Here's a few comments on some of the issues discussed in the thread. All of this is theoretical.
Roy Kerr fiorst theorised that spinning black holes may well offer a way to travel back in time. In fact, it's now thought that all black holes spin - so all could be time-machines.
Black holes can exist (theoretically) with quantum-scale radii. In fact it is believed that the universe is peppered with microscopic black holes created in the instant of the big-bang.
The gravity gradient depends on the mass of the black hole. A very large mass black hole will have a large radius (the radius of its event horizon) and will have a relatively shallow gradient. If the black hole were big enough, its gradient would be so shallow as to be not only survivable but almost undetectable at the moment the observer crossed the event horizon. In fact, in some ways our entire universe acts like a gigantic black hole, with everthing trapped inside its event horizon.
I've not come across any recognised scientific theory that dark matter can be converted to ordinary (baryonic) matter (or vice versa). However, it is possible that dark matter is simply baryonic matter - that just happens to be non-radiating (such as dead stars, or extra-solar planets, rocks, dust, etc.).
The radiation (Hawking radiation) emitted by a black hole is not actually derived from the matter falling into it. That matter only imparts momentum to the black hole, but otherwise all "informational" content of it is utterly annihilated or lost (what happens to this "information" is one of the abiding mysteries of black holes).

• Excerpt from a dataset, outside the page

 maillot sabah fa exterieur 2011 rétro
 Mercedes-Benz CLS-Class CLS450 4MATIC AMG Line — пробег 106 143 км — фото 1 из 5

Hawking radiation has a slightly more exotic origin. It derives from the "virtual particles" that are constantly popping into and out of existence in the vacuum of space (giving rise to the so-called zero-point energy of a vacuum). These particles are "allowed" into existance owing to the uncertainty principle of quantum mechanics. So long as their existance is brief enough, they do not violate any laws. Their energy is allowed to be conjured out of nothing because of its inherent uncertainty in accordance with the Heisenberg principle of quantum mechanics. And their charge and mass is zero since they are always produced in pairs (a particle and an anti-particle).
The vacuum is thought to be a seething mass of such virtual particles constantly popping into and out of existance. In fact, the Casimir effect seems to prove the reality of such particles (but that's another story).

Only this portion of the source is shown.